DRI Comes to DirectFB
Pivot writes "To further heat up the discussion about the future of the graphical desktop on open source OSes: Now the DirectFB project works with DRI!. Screenshots are available. I guess what is lacking now is only XAA driver support, or native drivers for your favourite graphic card." We've mentioned DirectFB before.
It sounds like a great project but native driver support and linux, whoa back right up. For most consumer hardware that is far form a reality. Personally I have an ATI card so this is good for me but it may take quite a while to ad support for others. I can't wait to give it a try though should be exciting to see and work with because gui speed definently is lacking in the major desktops for linux which just slows down the programs that run on them.
Checking out my form of escapism.
"The embedded-1-branch of Mesa is a port of DRI to the framebuffer device (fullscreen only, no input). Currently supported are ATI and Matrox (after porting the driver a few days ago)".
Once again NVIDIA is not supported. NVIDIA wake up and release your specs and manuals under NDA to the developers. You are only hurting yourself by denying your product less acceptance in the open source world. And for the NVIDIA supports open source argument try moving between X versions and see how well your NVIDIA card is supported with all the bells and whistles you thought you paid for.
Anyone know where I can find a MATROX AGP 1x card?
A disgruntled NVIDIA customer.
I use X, running apps off of a central development server. ddd over the network anyone? Every Windows box here even has an X server installed.
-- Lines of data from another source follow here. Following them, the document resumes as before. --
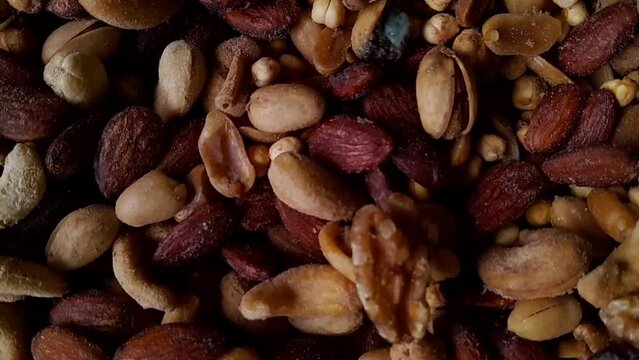 Vertical footage, close up of nuts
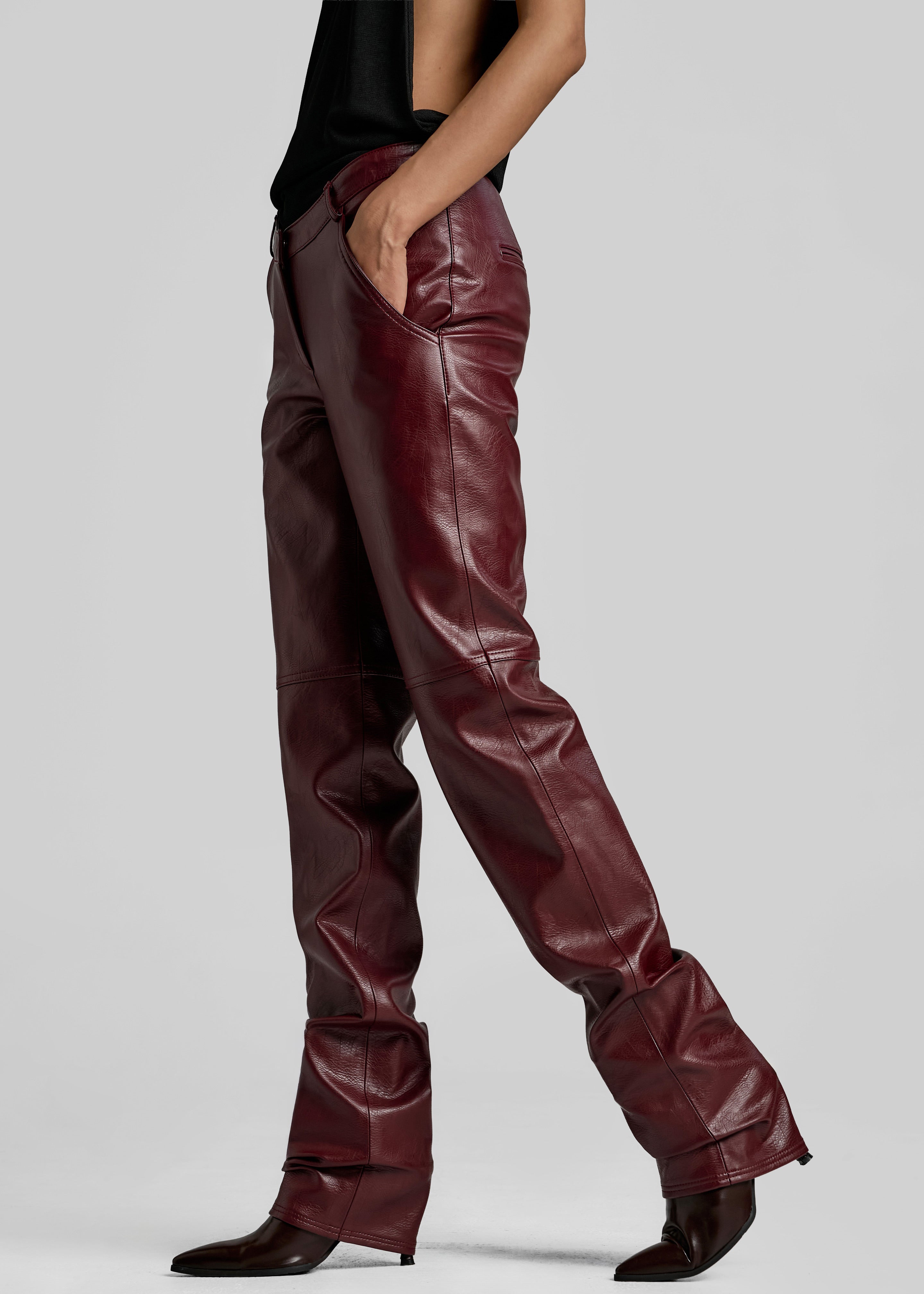Ascona Faux Leather Pants - Burgundy – The Frankie Shop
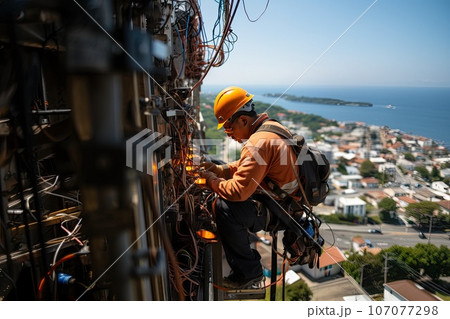 engineer working on a construction site 107077298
I use X at home, and often run apps from home when at work using you gessed it, the X protocol.
I need X.
As for Linux not being a "real gaming platform", hardware accelerated OpenGL is fast enough on linux. And if you actually can get the specs to your graphics hardware, as in the PS2 linux kit,
there's nothing stopping you from writing "real games". SDL give you everything you need, running on XFree86, framebuffer, etc.
PS I write games for a living.
Dave
If the net result of a native fb GTK lib is that someone can run all their apps locally with better performance and less screwing around in different places configuring mice, resolution etc., and better support for their hardware and better support for games and multimedia, it means Linux is better suited for the desktop. It doesn't preclude using X11, or even running X11 in rootless mode (as it does on OS X) if people want to but it sounds like a great project to support.
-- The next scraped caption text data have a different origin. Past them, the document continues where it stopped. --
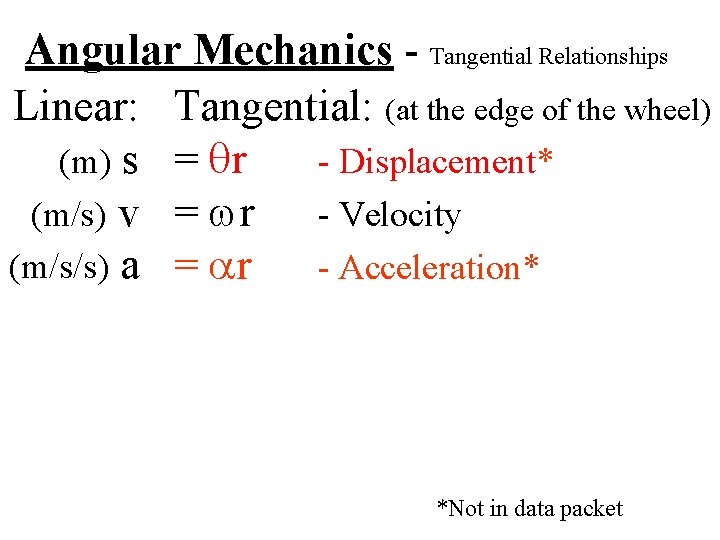 Angular Mechanics - Tangential Relationships Linear: Tangential: (at the edge of the wheel) (m)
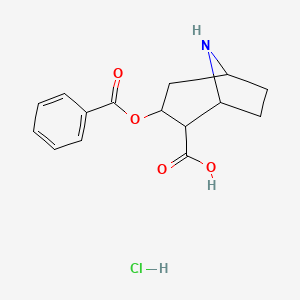 molecular formula C15H18ClNO4 B12106011 3-Benzoyloxy-8-azabicyclo[3.2.1]octane-2-carboxylic acid;hydrochloride 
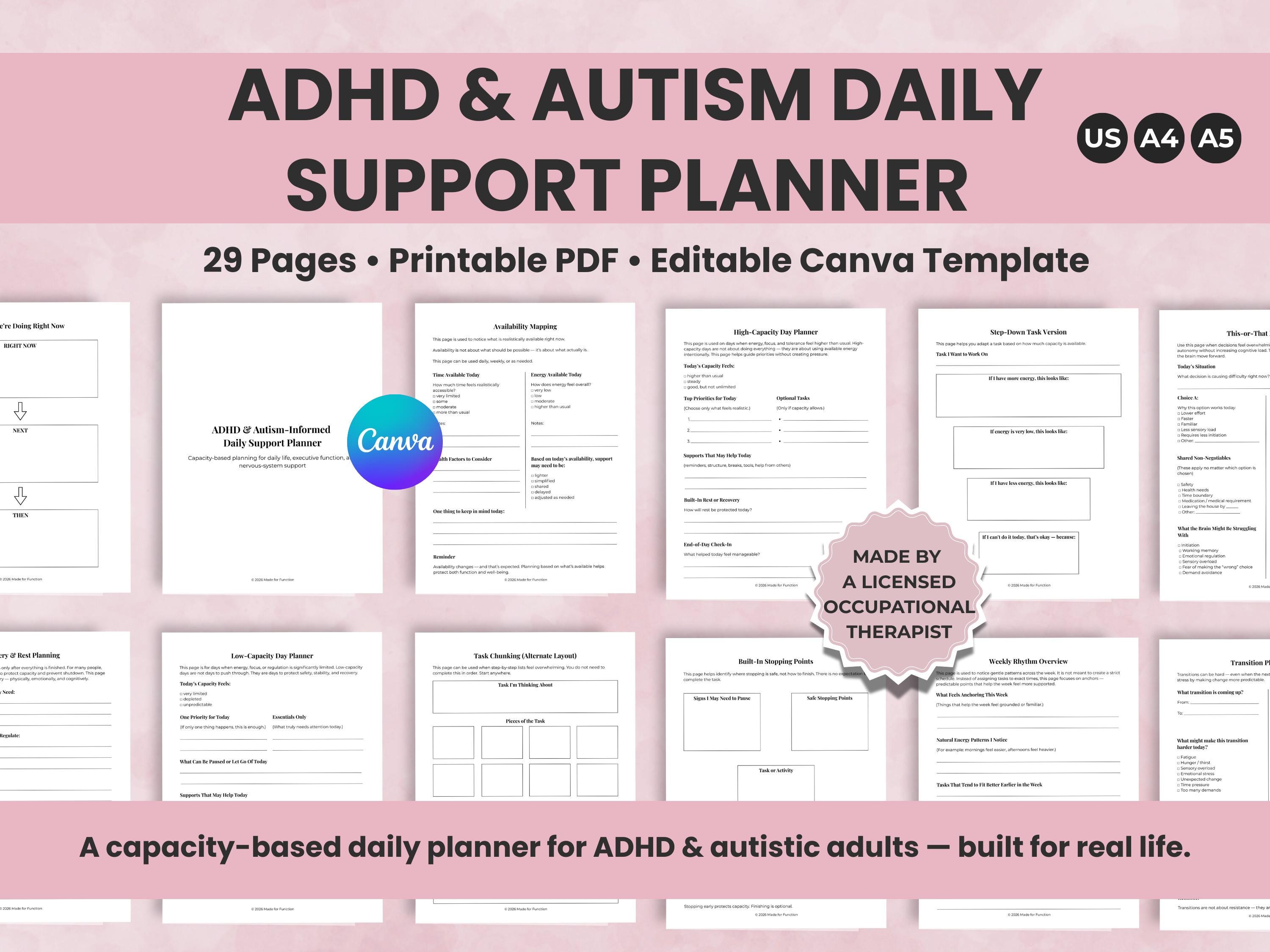 ADHD Autism Daily Planner, Executive Function Support (printable PDF ...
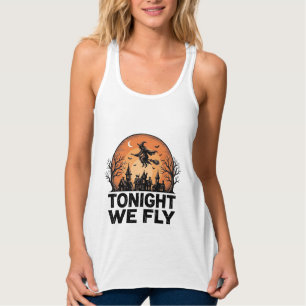 Esta Noite Voamos Camisa Vintage Witch Halloween D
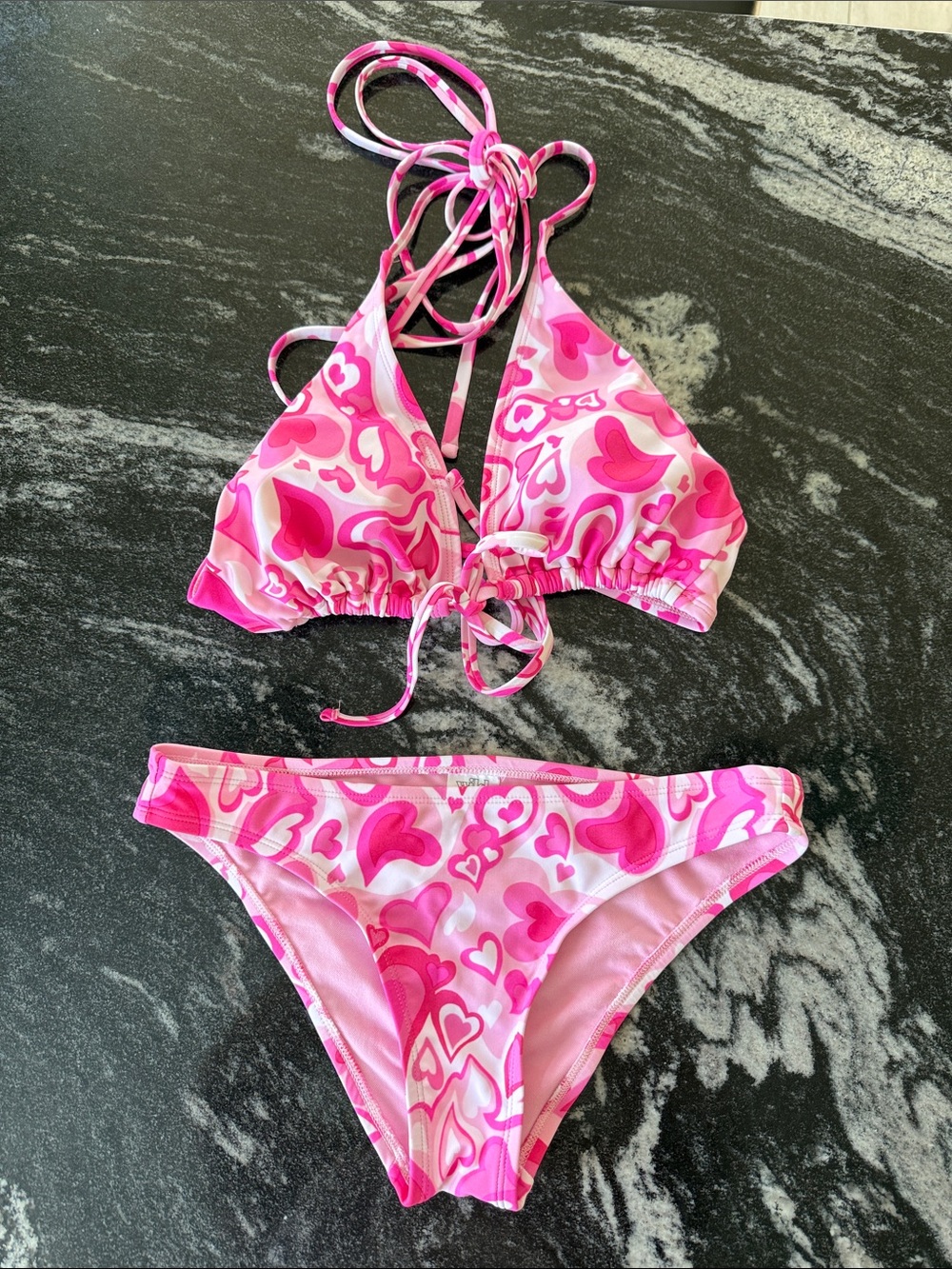 wild fable Pink Heart Print Triangle Bikini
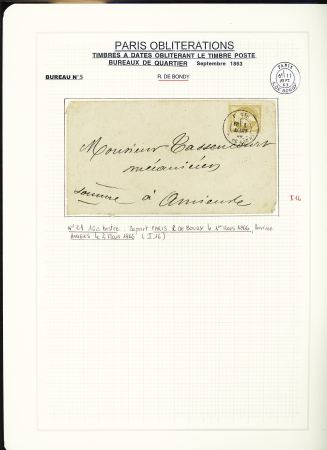 1849-1874, Collection sur les oblitérations de Paris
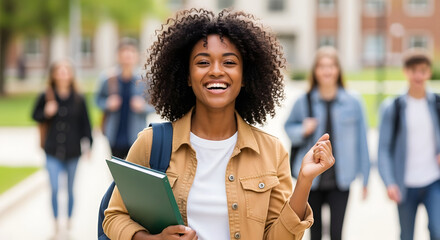 Happy smiling college student walking campus excited for classes education success future goals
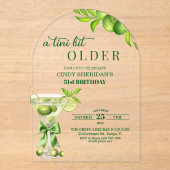 Chic A Tini Bit Older Lime Martini 31st Birthday アクリル招待状 (正面)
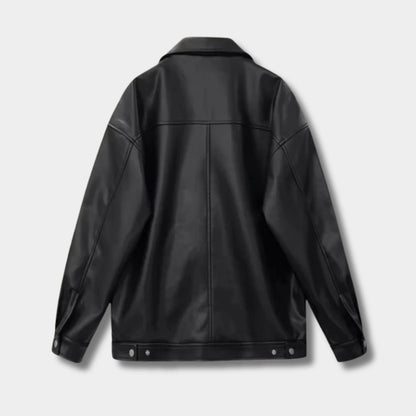 Oversized Retro Leather Jacket | Zyphhra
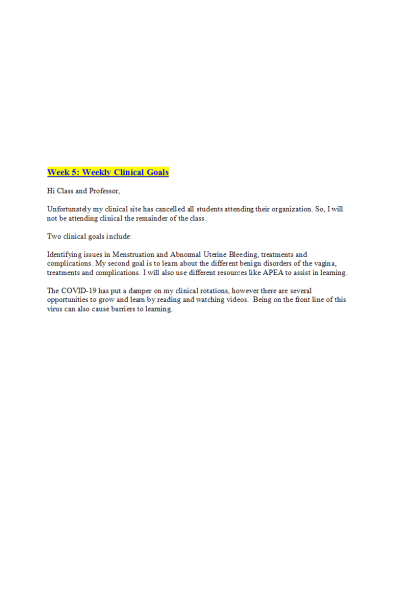 NR 601 Week 5 Weekly Clinical Goals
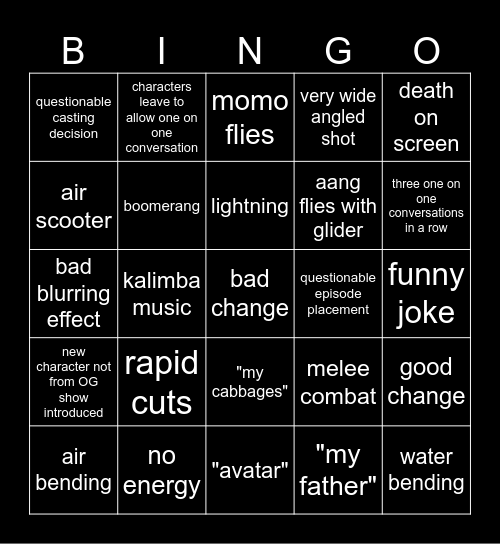 🅱️avatar 🅱️ingo Bingo Card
And in some ways it helps Xfree86 since a single direct DRI driver can support a whole range of display hardware without XFree86 having to maintain them themselves.
That's one of the stupidest things I've ever heard. It's a retrograde step. The reason that X has been around for so long is because it's a design that works. Hell, even NT, 2K and XP have client server graphics at the core, just not as good as X.
The problem with Linux is not the X design but the implementation. XFree is rather boaty and slow. What we need is a new version of X rather than to throw away the protocol. There are plenty of established extensions to support graphics, overlays and the like when you need them.
You must also remember that Linux != UNIX. X wouldn't die even if the kiddies stopped using it on their Lienucks boxes. I have Solaris and IRIX machines at home which use X. Your NVidia graphics card was probably designed with the help of engineers who developed IRIX's X implementation.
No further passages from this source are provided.